===== Records supplied

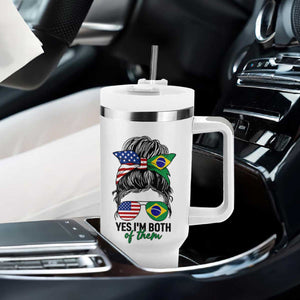 Half American And Brazilian America Brazil Brasil Flag Girl Tumbler With Handle Yes I'm Both of Them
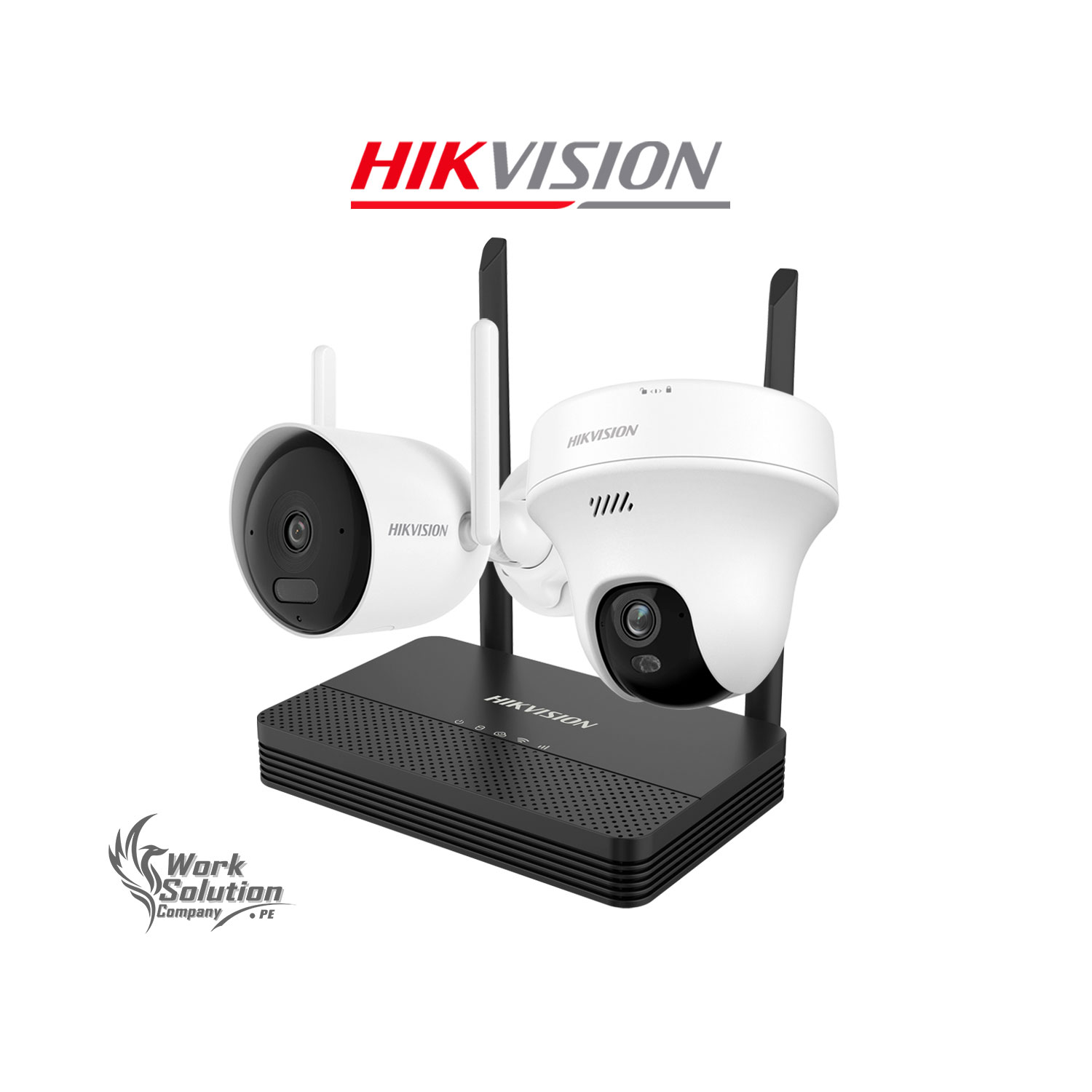 KIT CÁMARAS SEGURIDAD IP HIKVISION NKS4245WBTH TORRETA 5MP TUBO 4MP AUDIO BIDIRECCIONAL NVS 4CH - 1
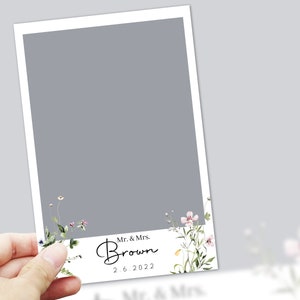 Plantilla para fotomatón de boda de 4 x 6 en blanco, negro y verde
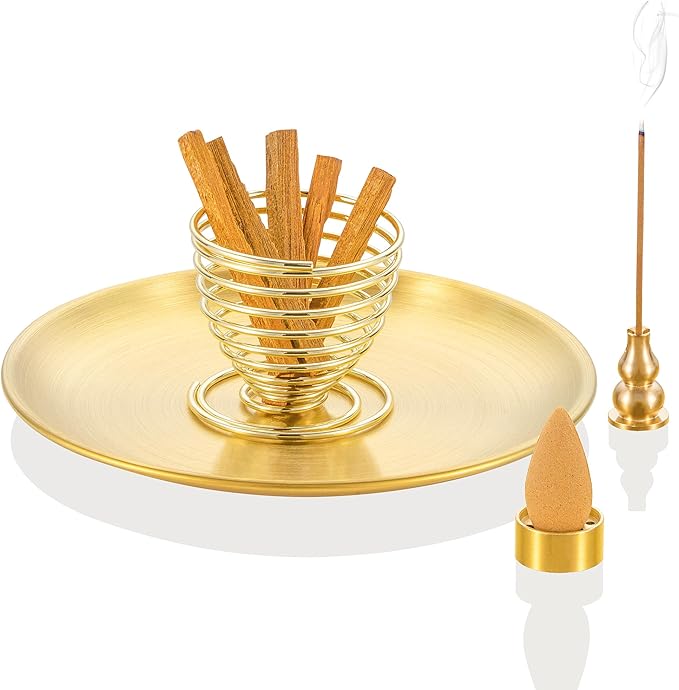 OSOPOLA 4 in 1 Incense Burner - 5.5 Inch Brass Gourd-Shaped Incense Holder for Sticks/Cones/Coils - Multi-Functional Metal Ash Catcher for Meditation, Yoga, Home Decor - Bloomnest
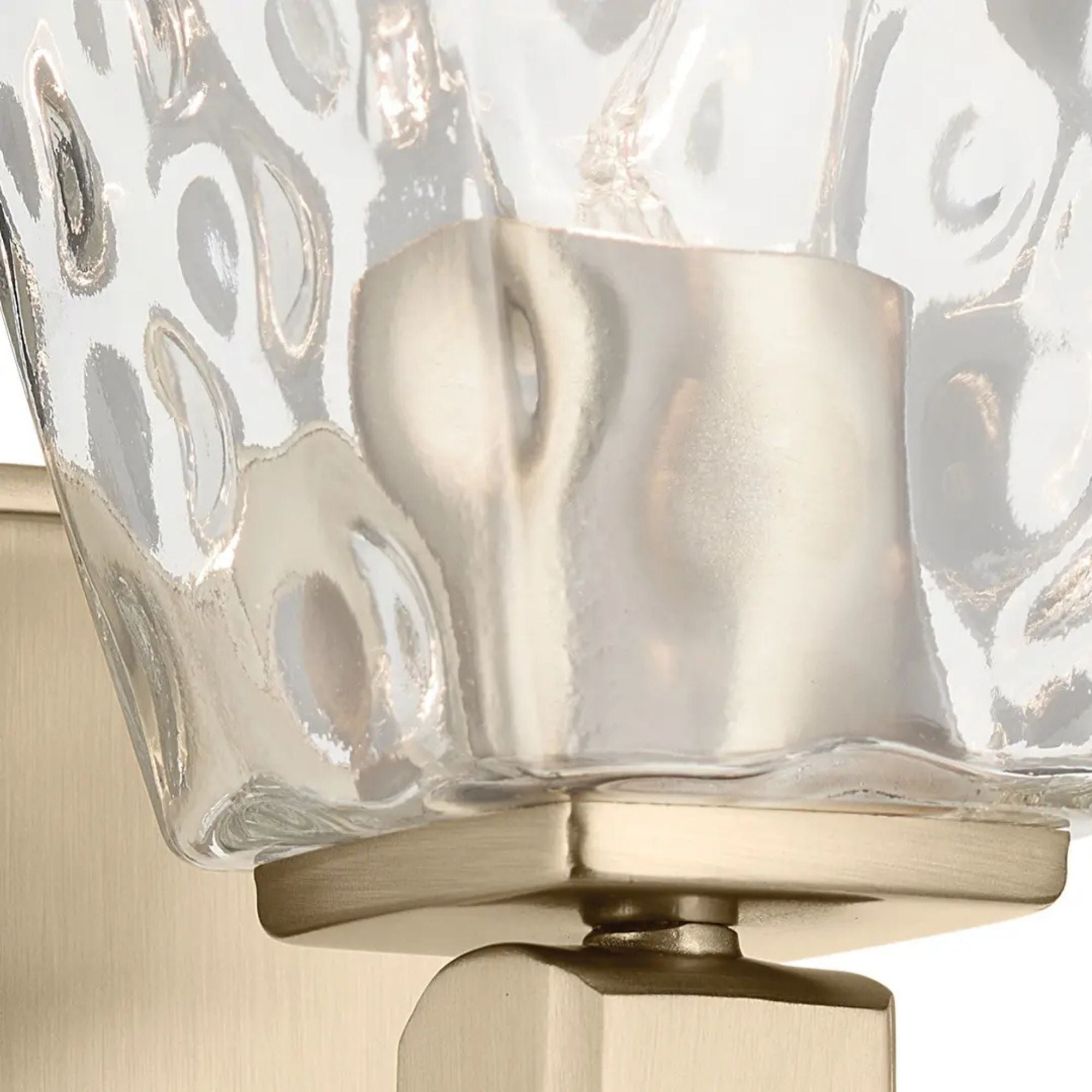 Kichler Marant 9.5 in. Wall Sconce, Champagne Bronze with Clear Water Glass Tapered Shade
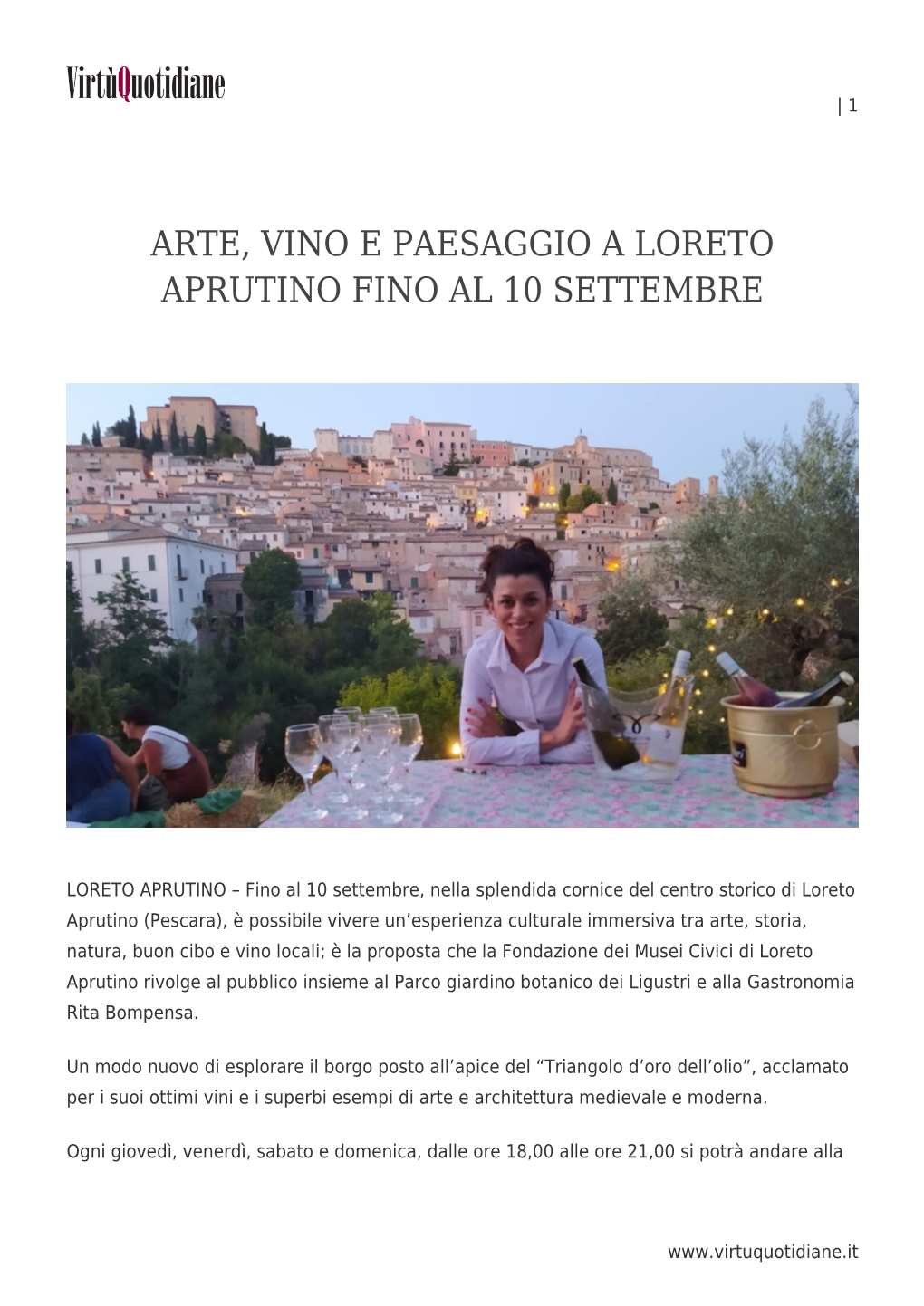 Arte, Vino E Paesaggio a Loreto Aprutino Fino Al 10 Settembre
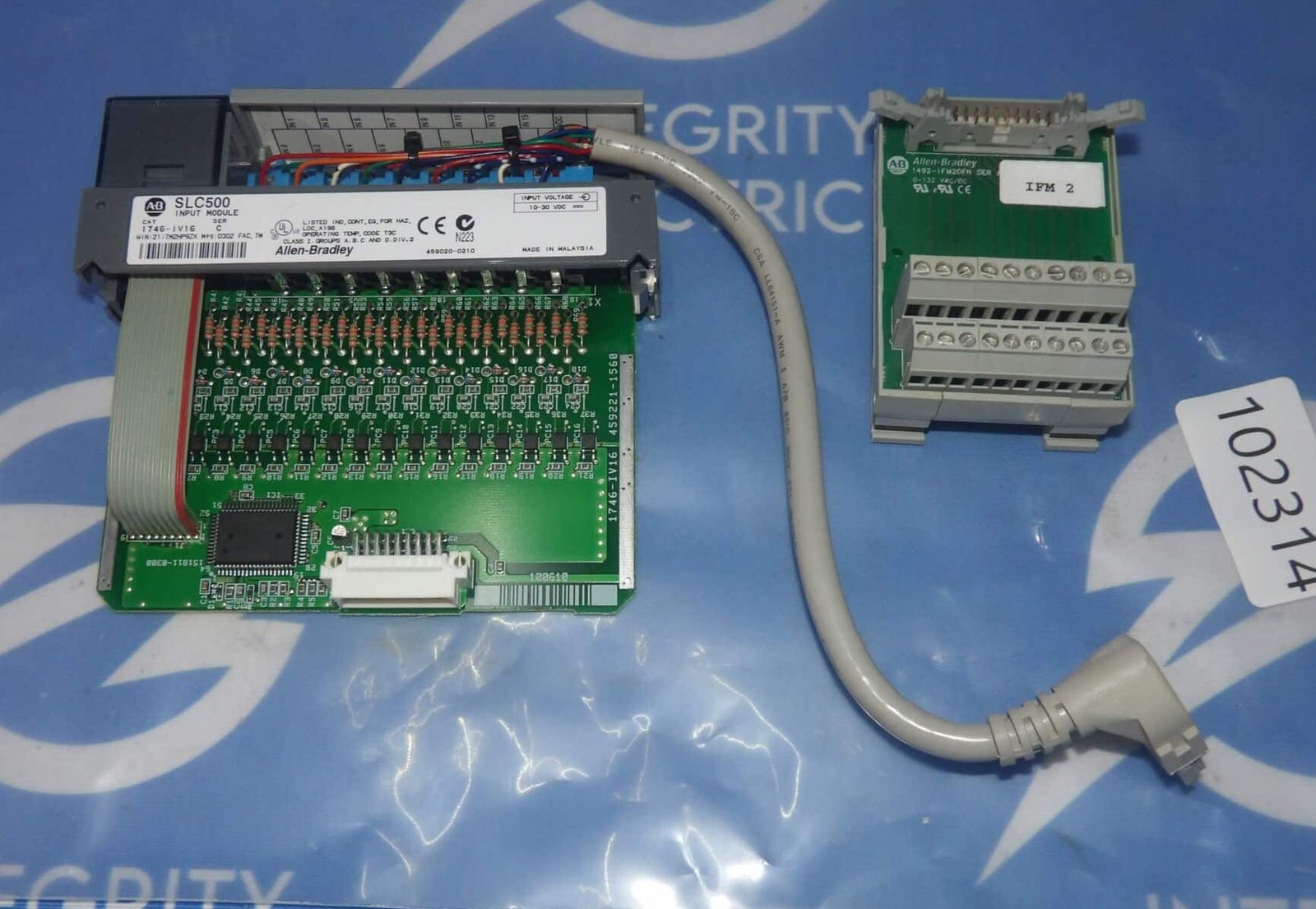 Allen Bradley SLC500 1746-IV16 Series C Input Module w/ 1492-IFM20FN And Cabl...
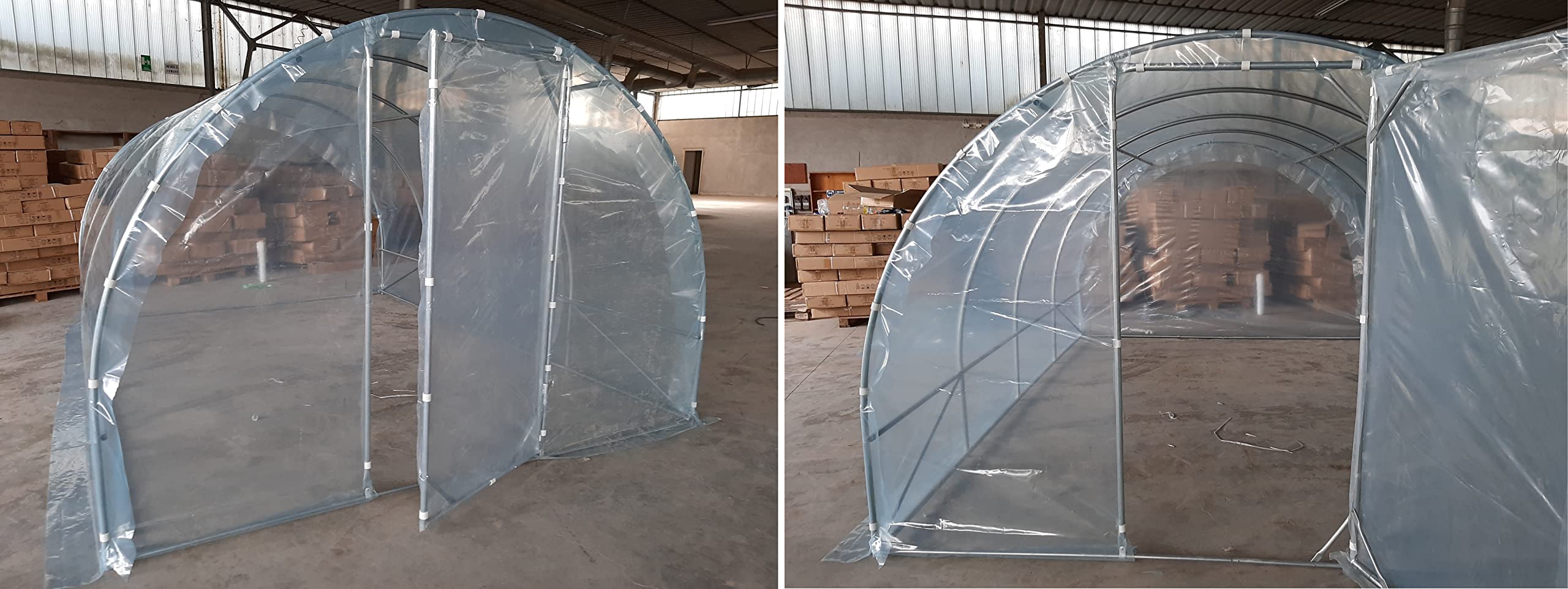 Invernadero Tunnel 3 x 4 m con lona PVC 150 MC Made in Italy con puerta frontal huerto jardín plantas vivero invernaderos botánicos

==========

Brief
Exactly the lines from the start of the entries above through the line with "Plantilla para fotomatón" should be reproduced, and nothing else; drop the pictures.

The answer
 Half American And Brazilian America Brazil Brasil Flag Girl Tumbler With Handle Yes I'm Both of Them
 KIT CÁMARAS SEGURIDAD IP HIKVISION NKS4245WBTH TORRETA 5MP TUBO 4MP AUDIO BIDIRECCIONAL NVS 4CH - 1
 Plantilla para fotomatón de boda de 4 x 6 en blanco, negro y verde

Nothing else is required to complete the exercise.